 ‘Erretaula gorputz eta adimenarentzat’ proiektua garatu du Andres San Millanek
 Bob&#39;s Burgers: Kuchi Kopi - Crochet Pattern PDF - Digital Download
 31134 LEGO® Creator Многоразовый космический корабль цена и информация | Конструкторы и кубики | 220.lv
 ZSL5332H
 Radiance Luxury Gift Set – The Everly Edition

= = = =

**What the task requires**
Without skipping a line, retype the full listing.

**Answer section**
 ‘Erretaula gorputz eta adimenarentzat’ proiektua garatu du Andres San Millanek
 Bob&#39;s Burgers: Kuchi Kopi - Crochet Pattern PDF - Digital Download
 31134 LEGO® Creator Многоразовый космический корабль цена и информация | Конструкторы и кубики | 220.lv
 ZSL5332H
 Radiance Luxury Gift Set – The Everly Edition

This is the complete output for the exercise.